To generate the dataset GAUSSMIXTURE, we sampled k=5 centers from a 15-dimensional spherical Gaussian distribution with mean at the origin and variance $R\in \{1,10,100 \}$ and then added points from Gaussian distributions with unit variance around each center.

In [None]:
## Simulate data
np.random.seed(1234)
k = 20
n = 10000
d = 15

## simulate k centers from 15-dimensional spherical Gaussian distribution 
mean = np.hstack(np.zeros((d,1)))
cov = np.diag(np.array([1,10,100]*5))
centers = np.random.multivariate_normal(mean, cov, k)

## Simulate n data
for i in range(k):
    mean = centers[i]
    if i == 0:
        data = np.random.multivariate_normal(mean, np.diag(np.ones(d)), int(n/k+n%k))
        trueLabels = np.repeat(i,int(n/k+n%k))
    else:
        data = np.append(data, np.random.multivariate_normal(mean, np.diag(np.ones(d)) , int(n/k)), axis = 0) 
        trueLabels = np.append(trueLabels,np.repeat(i,int(n/k)))

Visualizing the first 4 dimension dimension of data as following:

In [None]:
from pandas import DataFrame
data_v = DataFrame(data[:,0:3]) 
data_v['trueLabels'] = trueLabels
import seaborn as sns
sns.set_context("notebook", font_scale=1.3)
sns.pairplot(data_v, hue="trueLabels")
pass

#### Implement K-means with Ramdom Initialization

In [None]:
from kmeans_func import KMeans
centroids_initial = data[np.random.choice(range(data.shape[0]), k, replace=False),:]
output_k = KMeans(data, k, centroids_initial)

In [None]:
## plot the first two dimensions
%matplotlib inline
import matplotlib.pyplot as plt
import numpy as np
cmap = plt.get_cmap('gnuplot')
colors = [cmap(i) for i in np.linspace(0, 1, k)]

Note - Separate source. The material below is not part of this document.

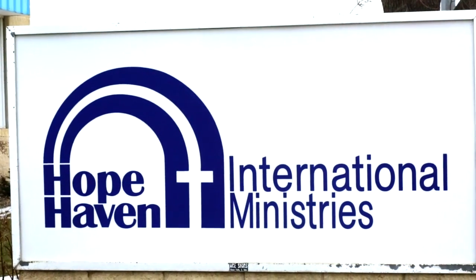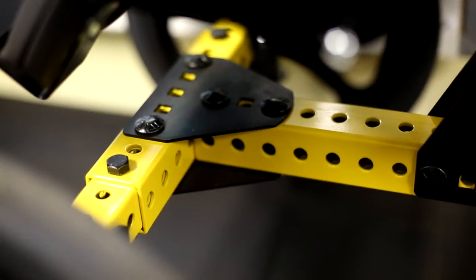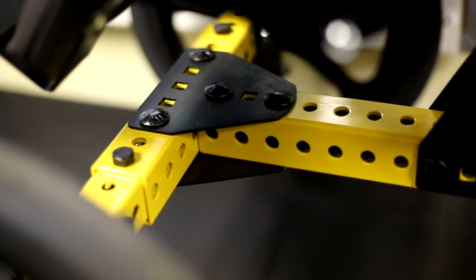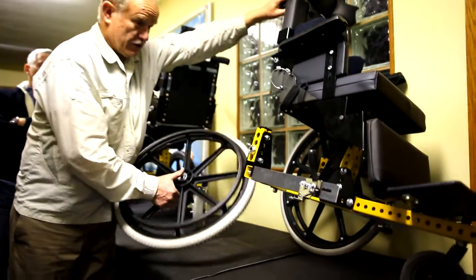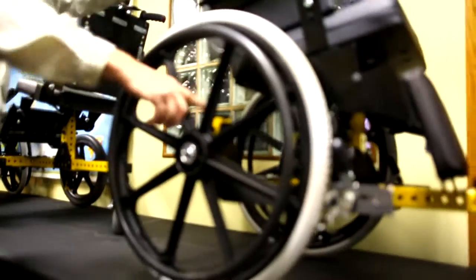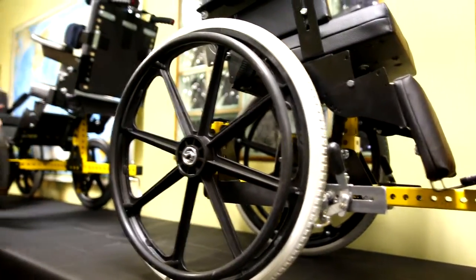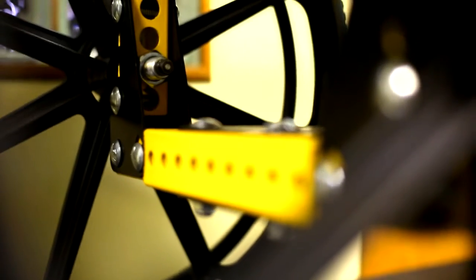It depends on how big the tubes are, but this one I can make this chair grow for probably 10 years of someone's growth. I can put a 26 inch wheel, a 24 inch wheel, a 22 inch wheel, a 20 — and then if you'll notice this next chair, by flipping this upside down, now I've gone to a 16 inch wheel and I can go to a 12 inch down to an 8 inch wheel.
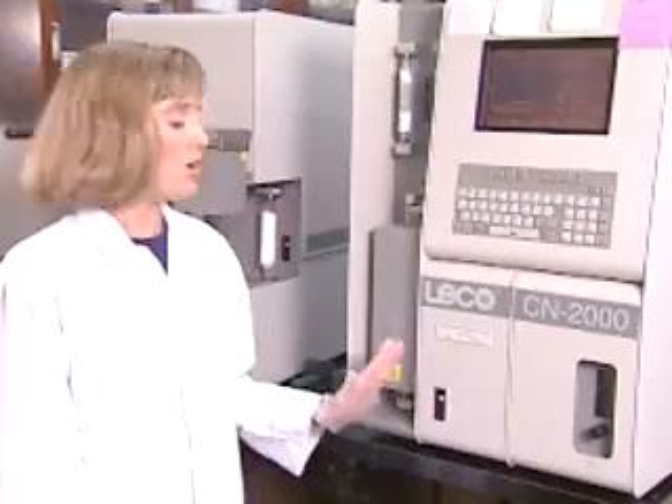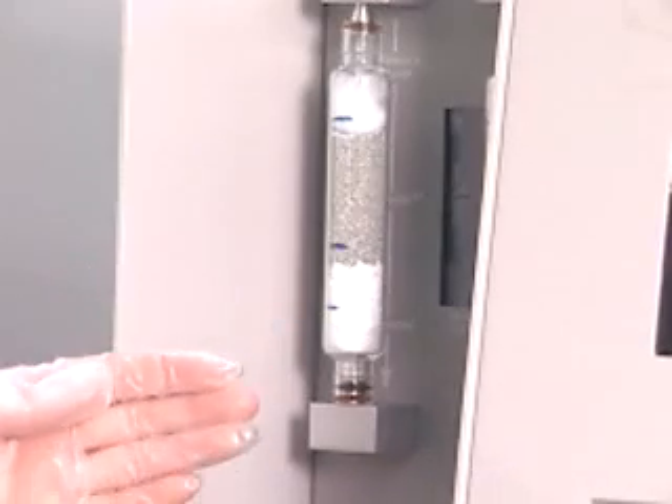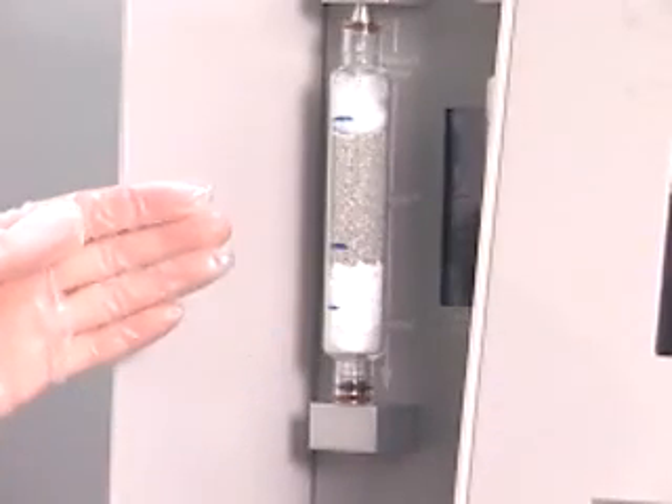Another portion of the gas is analyzed for nitrogen. It is carried with ultra-high purity helium through this column, where all the nitrogen gases, including the NOx gases, are converted to nitrogen gas and all the oxygen is removed. It then passes through an anhydrone and lecosorb column where water and carbon dioxide are removed. The sample gas is then analyzed for thermal conductivity by comparing it to a stream of ultra-high purity helium gas.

centroids1 =output_k["Centroids"]
labels1 = output_k["Labels"]

for i,color in enumerate(colors,start =1):
    plt.scatter(data[labels1==i, :][:,0], data[labels1==i, :][:,1], color=color)

for j in range(k):
    plt.scatter(centroids1[j,0],centroids1[j,1],color = 'w',marker='x')  

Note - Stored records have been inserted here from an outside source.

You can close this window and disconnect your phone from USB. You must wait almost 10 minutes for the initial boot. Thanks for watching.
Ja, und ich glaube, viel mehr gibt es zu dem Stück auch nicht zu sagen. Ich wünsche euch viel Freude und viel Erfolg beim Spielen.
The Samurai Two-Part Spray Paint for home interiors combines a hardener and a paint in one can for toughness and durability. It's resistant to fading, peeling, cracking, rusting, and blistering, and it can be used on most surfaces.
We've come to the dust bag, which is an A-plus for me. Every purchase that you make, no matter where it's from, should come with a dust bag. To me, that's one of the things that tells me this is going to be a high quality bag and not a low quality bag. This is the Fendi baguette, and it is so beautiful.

#### Implement KMeans with KMeans++ Intialization

In [None]:
from kmeans_func import KMeans
from kmeanspp_func import KMeansPlusPlus

centroids_initial = KMeansPlusPlus(data, 20)
output_kpp = KMeans(data, k, centroids_initial)

In [None]:
cmap = plt.get_cmap('gnuplot')
colors = [cmap(i) for i in np.linspace(0, 1, k)]

centroids1 =output_kpp["Centroids"]
labels1 = output_kpp["Labels"]

for i,color in enumerate(colors,start =1):
    plt.scatter(data[labels1==i, :][:,0], data[labels1==i, :][:,1], color=color)

for j in range(k):
    plt.scatter(centroids1[j,0],centroids1[j,1],color = 'w',marker='x') 

#### Implement KMeans with Scalable KMeans++ Intialization

In [None]:
from kmeans_func import KMeans
from scalablekmeanspp_func import ScalableKMeansPlusPlus
l = 10
centroids_initial = ScalableKMeansPlusPlus(data, 20, l)
output_spp = KMeans(data, k, centroids_initial)

In [None]:
cmap = plt.get_cmap('gnuplot')
colors = [cmap(i) for i in np.linspace(0, 1, k)]

centroids1 =output_spp["Centroids"]
labels1 = output_spp["Labels"]

for i,color in enumerate(colors,start =1):
    plt.scatter(data[labels1==i, :][:,0], data[labels1==i, :][:,1], color=color)

for j in range(k):
    plt.scatter(centroids1[j,0],centroids1[j,1],color = 'w',marker='x')  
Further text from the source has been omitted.